Mississippi at Flood Stage, New Madrid, Missouri by Brian Holmes

Draining the swamp is an old American pastime. The rise of the Mississippi River levees, the logging of bottomland forests, the canalization of streams, and the tilling of fields for agriculture have all combined to fundamentally alter the Midwestern ecology, through a gradual process that began with colonization and culminated in the early twentieth century, when large floodplain tracts were cleared for cotton production. Today, the “Great Swamp” that once rendered the Lower Mississippi Valley impassable has disappeared. Only residual wetlands remain: isolated patches of biodiversity within a radically homogenized agricultural landscape.

Yet the disastrous flood of 1927—taking place at the first culminating moment of the anthropization process—proved to everyone that tightly sealed levees only raise the river’s water level. A number of emergency outlets or “floodways” were set up under the New Deal administration of the 1930s, allowing the Mississippi to jump its armored banks when necessary. Could these emergency floodways become the model for an enduring breach in the watertight engineering system that defines the Anthropocene River?

Into the Breach focuses on the New Madrid Floodway in southeastern Missouri, last activated in 2011 when the US Army Corps of Engineers blew up a so-called “fuseplug” section of the frontline levee in order to lower the river-gauge levels and save the city of Cairo. The water poured over the remains of the levee, inundating large tracts of profitable agricultural land before returning to the Mississippi through an outflow breach located near the river town of New Madrid, Missouri. The future promises ever more frequent activations of the floodway, due in particular to the growing intensity of rainfall fueled by climate change. Other factors include the increasing extent of impermeable, urbanized surfaces and the trend of flood-prone river towns to raise their own levees independently—often to heights beyond those prescribed by the Army Corps.

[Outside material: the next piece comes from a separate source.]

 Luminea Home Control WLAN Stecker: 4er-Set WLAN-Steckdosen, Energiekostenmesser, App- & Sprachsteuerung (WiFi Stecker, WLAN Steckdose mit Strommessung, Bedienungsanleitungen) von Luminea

The wholesale channeling of the Mississippi River system represents a continental-scale version of geoengineering, infused with the persistent belief that natural forces can be thoroughly analyzed, modeled, and predicted. What is left out of the equation, however, are erratic human interventions into a fluctuating general ecology that never stabilizes but only evolves under the pressure of efforts to control it. “Into the Breach” speculates on the possibility of new forms of land stewardship that would allow the periodic return of river water to the surrounding floodplains. What intrinsic values do wetlands provide? How can the rigid barrier of the levee system be modulated to accommodate the river’s natural pulse? Could transformed agricultural practices be maintained despite periodic flooding? How can sustain a human society that can adapt to continuous changes in its environment?

Anthropocene conditions demand, not a hubristic “control of nature,” but instead evolving forms of ecological stewardship at scales ranging from the slowly evaporating bottomland pond to top-level continental watershed. The current Midwestern landscape took shape as a result of the political and technological changes introduced at the time of the New Deal. Today, as political energies gather for a “Green New Deal” in response to the ravages of climate change, it is high time to reimagine wetlands, not as a swamp to be drained, but as a site of dynamic coexistence between humanity and nature.

This project is conceived along four main lines of inquiry, which intersect at specific points while retaining their own intrinsic meanders. First, experience: the unstructured exploration of the physical and imaginary territory of the New Madrid Floodway. Second, registration: the construction of a map/archive which records sedimented layers of engineering and ecological knowledge provoked by the successive “great floods.” Third, vision: the videographic, painterly, and conceptual interpretation of possible futures for the Lower Mississippi. Fourth, politics: an essay/lecture which takes a stand for the transformation of the current river-control regime. Into the Breach aims figuratively and literally to overflow the bounds of the Anthropocene River.